TASK TO COMPLETE >> Give the records again, word for word.

=====

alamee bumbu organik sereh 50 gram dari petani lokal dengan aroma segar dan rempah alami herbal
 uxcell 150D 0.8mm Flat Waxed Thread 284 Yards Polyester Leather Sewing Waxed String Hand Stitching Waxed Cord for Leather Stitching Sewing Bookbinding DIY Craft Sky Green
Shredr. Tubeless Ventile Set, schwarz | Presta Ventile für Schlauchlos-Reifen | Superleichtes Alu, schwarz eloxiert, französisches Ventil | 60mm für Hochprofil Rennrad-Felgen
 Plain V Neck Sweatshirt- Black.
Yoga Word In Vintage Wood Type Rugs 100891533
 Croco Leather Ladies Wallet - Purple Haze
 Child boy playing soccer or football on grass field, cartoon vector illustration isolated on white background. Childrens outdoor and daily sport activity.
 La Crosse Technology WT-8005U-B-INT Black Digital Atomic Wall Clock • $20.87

=====

RESULT OF THE EXERCISE >>
alamee bumbu organik sereh 50 gram dari petani lokal dengan aroma segar dan rempah alami herbal
 uxcell 150D 0.8mm Flat Waxed Thread 284 Yards Polyester Leather Sewing Waxed String Hand Stitching Waxed Cord for Leather Stitching Sewing Bookbinding DIY Craft Sky Green
Shredr. Tubeless Ventile Set, schwarz | Presta Ventile für Schlauchlos-Reifen | Superleichtes Alu, schwarz eloxiert, französisches Ventil | 60mm für Hochprofil Rennrad-Felgen
 Plain V Neck Sweatshirt- Black.
Yoga Word In Vintage Wood Type Rugs 100891533
 Croco Leather Ladies Wallet - Purple Haze
 Child boy playing soccer or football on grass field, cartoon vector illustration isolated on white background. Childrens outdoor and daily sport activity.
 La Crosse Technology WT-8005U-B-INT Black Digital Atomic Wall Clock • $20.87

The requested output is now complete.